Low-grade inflammation is active in T2DM patients, ¹⁶ inflammatory components have been observed in the pathogenesis of atherosclerosis in T2DM, and population-based study has found that inflammation markers are correlated with intermediate cardiovascular endpoints, especially in intima-media thickness, ¹⁷ and the inflammatory parameters are associated with coronary calcification. ^18,19 Furthermore, experimental study has suggested that inflammation mediated-molecular and cellular pathways can promote atherosclerosis, key inflammatory mechanism is important in atherogenesis as an active process. ²⁰ More direct evidence has been suggested that the increased adenosine deaminase activity is observed as a marker in early stage of atherosclerosis, which contributes to its progression and development of CAC. ²¹ Thus, inflammation may be a major mechanism to elevate serum adenosine deaminase in T2DM patients with CAC. As expected, the association between adenosine deaminase and inflammation have been reported, inhibition of ADA activity can contribute to relieve inflammation and cell proliferation. ²² There are several reports indicating that the increase of serum adenosine deaminase due to the stimulation of inflammation. An association of serum adenosine deaminase with systemic inflammation is observed in experimental colitis, ²³ and serum adenosine deaminase activity is elevated in inflammatory diseases such as acute lymphoblastic leukemia, autoimmune hepatitis and rheumatic disease. ^{24 –27} Serum adenosine deaminase has been reported to be an inflammatory marker in rheumatoid arthritis. ²⁸ In another study showed that serum adenosine deaminase, an endogenous anti-inflammatory metabolite, is elevated in response to inflammatory status resulted by adipose tissue in obesity. ²⁹ Serum adenosine deaminase levels have been found to be increased in patients with Inflammatory bowel disease, and serum adenosine deaminase is a useful biomarker for assessment of intestinal inflammation. ³⁰ It is well established in the literature that a significantly correlation between serum adenosine deaminase and C-reactive protein has been suggested in patients with chagas disease, ³¹ supporting the view, our data also showed the link between serum adenosine deaminase and high-sensitivity C-reactive protein in T2DM patients.

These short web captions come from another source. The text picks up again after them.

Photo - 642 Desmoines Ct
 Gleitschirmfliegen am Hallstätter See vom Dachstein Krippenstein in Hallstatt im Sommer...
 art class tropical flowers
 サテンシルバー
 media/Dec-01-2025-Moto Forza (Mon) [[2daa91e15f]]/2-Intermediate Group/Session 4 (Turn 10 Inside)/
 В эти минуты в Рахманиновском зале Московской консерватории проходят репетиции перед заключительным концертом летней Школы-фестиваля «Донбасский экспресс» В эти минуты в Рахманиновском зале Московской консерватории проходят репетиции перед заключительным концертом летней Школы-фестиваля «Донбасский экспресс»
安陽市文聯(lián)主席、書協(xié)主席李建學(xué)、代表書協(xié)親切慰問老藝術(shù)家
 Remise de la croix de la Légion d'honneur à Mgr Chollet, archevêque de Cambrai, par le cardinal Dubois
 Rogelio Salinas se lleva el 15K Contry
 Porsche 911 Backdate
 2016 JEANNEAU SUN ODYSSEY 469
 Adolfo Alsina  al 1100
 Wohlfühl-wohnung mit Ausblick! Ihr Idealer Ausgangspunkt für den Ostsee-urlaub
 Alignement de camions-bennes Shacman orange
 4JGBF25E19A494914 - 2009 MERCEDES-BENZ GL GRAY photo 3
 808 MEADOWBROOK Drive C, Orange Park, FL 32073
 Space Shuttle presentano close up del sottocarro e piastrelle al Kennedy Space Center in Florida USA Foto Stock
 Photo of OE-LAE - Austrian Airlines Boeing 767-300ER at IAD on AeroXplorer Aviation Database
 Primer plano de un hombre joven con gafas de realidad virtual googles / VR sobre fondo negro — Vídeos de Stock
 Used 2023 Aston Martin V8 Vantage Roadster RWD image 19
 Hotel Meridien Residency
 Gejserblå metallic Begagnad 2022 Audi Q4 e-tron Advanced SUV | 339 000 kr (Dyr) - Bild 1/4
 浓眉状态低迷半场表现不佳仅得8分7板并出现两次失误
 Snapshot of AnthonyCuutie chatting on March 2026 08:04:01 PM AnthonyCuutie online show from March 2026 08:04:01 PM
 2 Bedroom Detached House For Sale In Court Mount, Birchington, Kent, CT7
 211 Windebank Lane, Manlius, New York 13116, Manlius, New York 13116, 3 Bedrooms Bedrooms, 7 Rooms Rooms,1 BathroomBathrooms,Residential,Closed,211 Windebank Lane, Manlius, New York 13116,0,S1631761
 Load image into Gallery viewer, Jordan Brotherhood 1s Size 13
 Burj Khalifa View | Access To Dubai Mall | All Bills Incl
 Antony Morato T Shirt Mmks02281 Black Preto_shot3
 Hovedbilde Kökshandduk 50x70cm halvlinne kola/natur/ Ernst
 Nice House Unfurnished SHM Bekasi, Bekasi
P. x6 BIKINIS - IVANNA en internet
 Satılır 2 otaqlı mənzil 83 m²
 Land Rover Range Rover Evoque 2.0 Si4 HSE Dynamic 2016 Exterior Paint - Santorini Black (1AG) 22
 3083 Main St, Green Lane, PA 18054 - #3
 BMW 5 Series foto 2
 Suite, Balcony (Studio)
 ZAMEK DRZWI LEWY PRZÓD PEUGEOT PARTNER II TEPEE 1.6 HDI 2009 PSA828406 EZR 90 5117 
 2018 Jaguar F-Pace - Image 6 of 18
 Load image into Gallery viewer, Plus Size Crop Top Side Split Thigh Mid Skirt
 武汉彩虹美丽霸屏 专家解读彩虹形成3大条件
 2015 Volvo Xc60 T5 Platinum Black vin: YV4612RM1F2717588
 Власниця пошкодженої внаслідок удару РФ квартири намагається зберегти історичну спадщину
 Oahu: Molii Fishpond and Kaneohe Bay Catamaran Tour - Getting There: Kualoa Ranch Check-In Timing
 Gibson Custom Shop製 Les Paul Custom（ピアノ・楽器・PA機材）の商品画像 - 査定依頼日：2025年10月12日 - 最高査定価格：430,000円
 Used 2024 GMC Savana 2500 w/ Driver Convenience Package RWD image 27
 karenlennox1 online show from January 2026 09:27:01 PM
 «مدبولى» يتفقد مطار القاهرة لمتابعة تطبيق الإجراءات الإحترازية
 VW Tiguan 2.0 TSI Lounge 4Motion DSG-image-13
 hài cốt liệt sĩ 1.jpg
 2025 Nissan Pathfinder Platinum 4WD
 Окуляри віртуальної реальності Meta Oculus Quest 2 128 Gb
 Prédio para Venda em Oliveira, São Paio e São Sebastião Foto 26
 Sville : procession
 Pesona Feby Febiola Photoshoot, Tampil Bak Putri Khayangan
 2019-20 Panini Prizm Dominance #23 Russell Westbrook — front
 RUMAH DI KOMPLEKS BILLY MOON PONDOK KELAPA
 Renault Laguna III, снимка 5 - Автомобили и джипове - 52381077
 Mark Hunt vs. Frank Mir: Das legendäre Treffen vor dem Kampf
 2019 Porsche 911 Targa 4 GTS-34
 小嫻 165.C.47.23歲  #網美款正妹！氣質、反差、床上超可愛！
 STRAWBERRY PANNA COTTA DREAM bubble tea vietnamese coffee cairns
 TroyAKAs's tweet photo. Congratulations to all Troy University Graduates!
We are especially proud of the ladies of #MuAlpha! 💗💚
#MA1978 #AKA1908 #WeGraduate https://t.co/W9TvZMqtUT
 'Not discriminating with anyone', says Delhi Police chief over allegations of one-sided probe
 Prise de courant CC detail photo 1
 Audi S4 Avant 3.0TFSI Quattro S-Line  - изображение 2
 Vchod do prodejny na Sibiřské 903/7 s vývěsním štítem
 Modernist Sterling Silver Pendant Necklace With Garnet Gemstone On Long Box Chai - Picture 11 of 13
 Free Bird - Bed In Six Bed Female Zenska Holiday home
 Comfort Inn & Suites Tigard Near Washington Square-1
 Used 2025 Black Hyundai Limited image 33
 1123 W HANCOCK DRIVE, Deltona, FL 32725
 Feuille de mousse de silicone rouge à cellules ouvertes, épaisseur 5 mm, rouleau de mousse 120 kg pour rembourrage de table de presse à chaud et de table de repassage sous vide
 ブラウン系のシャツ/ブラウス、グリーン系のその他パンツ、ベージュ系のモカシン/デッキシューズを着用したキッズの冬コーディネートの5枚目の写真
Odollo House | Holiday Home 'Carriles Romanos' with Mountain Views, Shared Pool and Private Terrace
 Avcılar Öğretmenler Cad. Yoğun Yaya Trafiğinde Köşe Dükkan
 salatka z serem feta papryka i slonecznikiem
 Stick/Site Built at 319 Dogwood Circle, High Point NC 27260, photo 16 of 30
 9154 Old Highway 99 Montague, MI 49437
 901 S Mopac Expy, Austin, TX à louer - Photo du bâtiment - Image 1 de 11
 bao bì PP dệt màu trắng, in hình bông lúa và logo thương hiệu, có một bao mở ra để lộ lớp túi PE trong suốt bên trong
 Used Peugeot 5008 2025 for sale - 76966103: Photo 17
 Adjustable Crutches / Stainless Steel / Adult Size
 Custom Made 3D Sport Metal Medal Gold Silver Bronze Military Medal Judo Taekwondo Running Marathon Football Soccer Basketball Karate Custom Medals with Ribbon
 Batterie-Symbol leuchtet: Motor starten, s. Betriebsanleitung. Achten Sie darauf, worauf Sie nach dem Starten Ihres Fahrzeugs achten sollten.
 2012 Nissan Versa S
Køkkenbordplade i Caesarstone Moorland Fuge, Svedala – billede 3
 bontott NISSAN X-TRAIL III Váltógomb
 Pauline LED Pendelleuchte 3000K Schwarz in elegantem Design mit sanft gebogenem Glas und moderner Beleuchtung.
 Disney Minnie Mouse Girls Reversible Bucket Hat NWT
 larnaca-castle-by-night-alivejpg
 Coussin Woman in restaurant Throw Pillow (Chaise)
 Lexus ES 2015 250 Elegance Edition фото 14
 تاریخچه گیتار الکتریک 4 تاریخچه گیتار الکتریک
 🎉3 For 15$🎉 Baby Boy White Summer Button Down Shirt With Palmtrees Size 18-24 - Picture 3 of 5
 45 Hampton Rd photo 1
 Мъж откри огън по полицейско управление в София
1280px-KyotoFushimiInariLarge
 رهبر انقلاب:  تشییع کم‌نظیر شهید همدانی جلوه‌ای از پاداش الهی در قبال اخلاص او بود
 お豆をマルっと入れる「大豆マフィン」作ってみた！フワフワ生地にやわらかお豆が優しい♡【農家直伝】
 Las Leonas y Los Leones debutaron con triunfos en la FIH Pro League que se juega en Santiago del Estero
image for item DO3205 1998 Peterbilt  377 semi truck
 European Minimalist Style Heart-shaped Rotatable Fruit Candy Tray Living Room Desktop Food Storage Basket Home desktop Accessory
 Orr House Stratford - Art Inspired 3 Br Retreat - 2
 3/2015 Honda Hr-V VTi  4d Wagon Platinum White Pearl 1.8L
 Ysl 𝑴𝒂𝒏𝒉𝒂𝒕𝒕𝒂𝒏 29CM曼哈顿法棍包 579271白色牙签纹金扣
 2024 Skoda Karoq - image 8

In another aspect, poor glycemic control increases the risk of coronary atherosclerosis plaque in T2DM patients, in return, adenosine deaminase can increase insulin sensitivity for glucose transport, and elevate the accessibility about 25% of GLUT4 to cell envelope for glucose transportation. ³² Therefore, long-term hyperglycemia also may increase the adaptation of adenosine in patients with T2DM, leading to an increased serum adenosine deaminase levels in T2DM patients with CAC.

We have to consider some limitations. First, our study is only a hospital-based cross-sectional design in general diabetic population, further study should be considered in community population. Second, the effects of anti-inflammatory treatment on serum adenosine deaminase levels were not evaluated in patients with T2DM. Third, use of hypoglycemic and lipid-lowering drugs may affect adenosine deaminase levels in patients with T2DM. Fourth, CAC is an estimated value, but a direct measure of coronary atherosclerosis, ³³ thus, some patients with coronary atherosclerotic plaques may not be detected. In addition, our study did not examine the relationship between serum adenosine deaminase and clinical outcomes in T2DM patients with CAC.

Conclusions

In the light of our results, serum adenosine deaminase levels are positively correlated with CAC score in T2DM patients, serum adenosine deaminase may be a useful marker to assess the severity of atherosclerosis in patients with T2DM.